Who needs a money transmitter license?

A Money Transmitter License is typically required for businesses that engage in the following activities:

  1. Transferring Money: Companies that transfer money from one person or entity to another, either domestically or internationally.
  2. Currency Exchange: Businesses that exchange one currency for another.
  3. Issuing or Selling Payment Instruments: This includes issuing checks, money orders, or similar instruments.
  4. Mobile or Electronic Payments: Companies offering services for transferring or paying funds through mobile or electronic platforms.
  5. Virtual Currency Transactions: Businesses involved in the exchange, transfer, or storage of virtual currencies like cryptocurrencies may also require licensing, depending on the jurisdiction.

Essentially, if a business is involved in moving money or monetary value on behalf of others, it likely needs a Money Transmitter License. The specific requirements can vary by jurisdiction. In most cases if you are a financial intermediary, you probably need a money transmitter license.

A financial intermediary is like a helper in the world of money.
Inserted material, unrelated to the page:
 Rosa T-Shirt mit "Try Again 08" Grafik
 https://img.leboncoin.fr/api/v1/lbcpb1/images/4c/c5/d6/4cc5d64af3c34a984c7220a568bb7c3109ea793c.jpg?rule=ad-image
Imagine you have a piggy bank full of coins, and you want to buy a toy, but the toy store doesn’t accept piggy bank coins. You need someone to change your coins into money that the toy store will take. A financial intermediary is like a friendly person who takes your piggy bank coins, gives you money that the toy store accepts, and then they take your coins and use them in other ways.

In the real world, banks are a common type of financial intermediary. Let’s say you have some extra money. You give it to the bank to keep safe. The bank then uses some of that money to lend to other people, like someone who wants to buy a house. So, the bank is helping you by keeping your money safe and helping the person who wants to buy a house by lending them money.

This page was last updated on February 8, 2024.